Key Management Systems & Cloud Encryption

Listening to SANS cryptography session. I've always wondered why there is so much focus on secure code for encryption but not a lot of discussion about key management. I've blogged and tweeted about this mystery in the past and caveat about the first link - I'm digging into cryptography a bit more right now and may be revising:

http://websitenotebook.blogspot.com/2009/05/java-encryption_24.html

http://websitenotebook.blogspot.com/2010/10/securing-encryption-keys.html

http://websitenotebook.blogspot.com/2014/03/encryption-protecting-key.html

Data needs to be protected at rest, in transit and protect the key. If you fail at any one of these your encryption is useless. A lot of people understand the first two. The third is often overlooked and possibly most important, because a short key length still takes some time to hack, but keys out in the open mean you might as well hand the data to the adversary.

Oh and about the "well it's on our internal network behind the firewall" argument, I hope anyone involved in a corporation of any size that is utilizing pen testing services and/or has been breached understands by now this is a completely naïve viewpoint. I used to have to argue with network admins at managed data centers who didn't want to set my outbound traffic firewall rules. Now outbound traffic is one of the primary ways for determining if you're hacked since all malware calls home. APTs have attackers infiltrating systems throughout corporate networks. If they get access to your data you want to have the keys that decrypt that data in a separate place.

So now that we understand that even if our key is in our own house we need to separate it from the data and protect it from people who might get access to the encrypted data, how and where do we store and manage the keys?

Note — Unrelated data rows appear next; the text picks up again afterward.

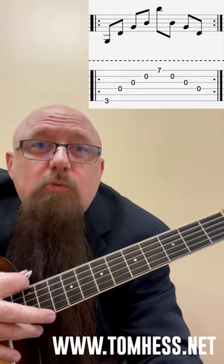So grab your guitar and try it, play it, be creative with it. Until next time, stay thoughtful, stay curious, stay dedicated, because that is what champions do.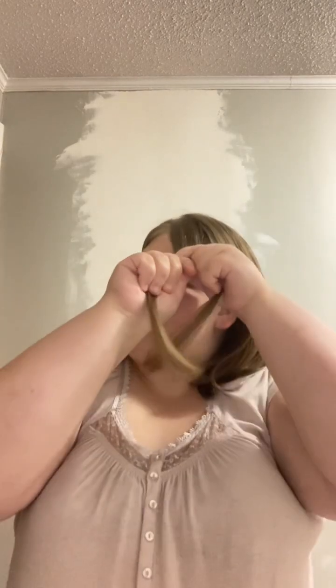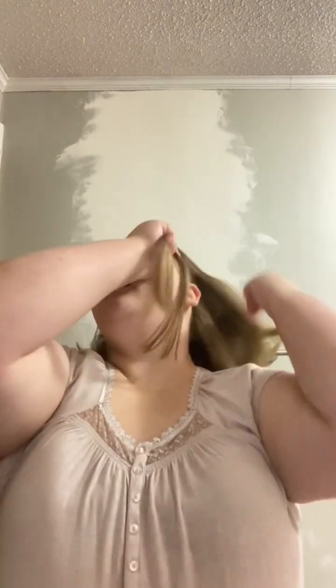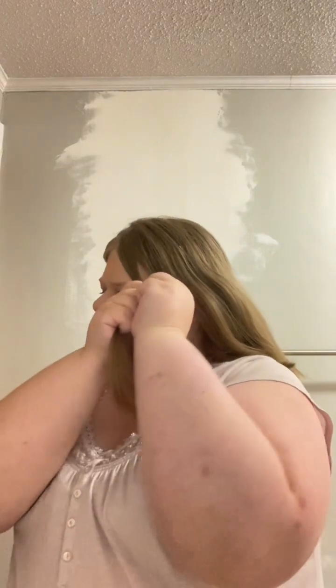Pull both sections tight and get right up at your scalp. These are called rope twists because you're starting at the scalp with a twist. A Senegalese twist is started with a braid, and I do not know how to braid, so we're gonna twist.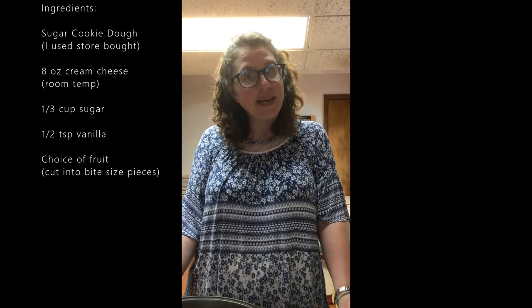Hi boys and girls, this is Ms. Stephanie. Welcome today to what I am calling Summer Cooking Club. And I love the first choice — I've chosen fruit pizza.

We need to store them away from the data, make them accessible to the applications that need to decrypt the data, protect the data in transit and rest (and in memory for things like credit cards on POS machines...)

There are conceptual discussions of protecting the key, and I understand you should put your key on a separate server, away from your data. But what is the best way to actually implement this solution?  What about protecting keys in conjunction with using a cloud provider where you want to protect your keys and have them completely managed by someone other than the cloud provider so anyone that gets access to your encrypted data in the cloud cannot access the keys?

One of the quandaries I have with using these vendors is the Trojan horse concept. If you're keys are the absolute most critical thing you need to protect because they provide access to all your data, giving your keys to a third party system is a bit scary.

One thing would be to make sure very limited amount of people have access to the keys. Additionally through separation of duties you can make sure the same people who manage the keys do not have access to the encrypted data. But how do you actually implement that?

I remember from a business school class a company that outsourced production of certain products to China. Their approach was to have different companies to produce different parts with no single company having access to the complete formula. Perhaps such an approach would work with key management, similar to multi-factor authentication. In order to decrypt you need multiple pieces of information. Of course this adds overhead to processing and slows things down.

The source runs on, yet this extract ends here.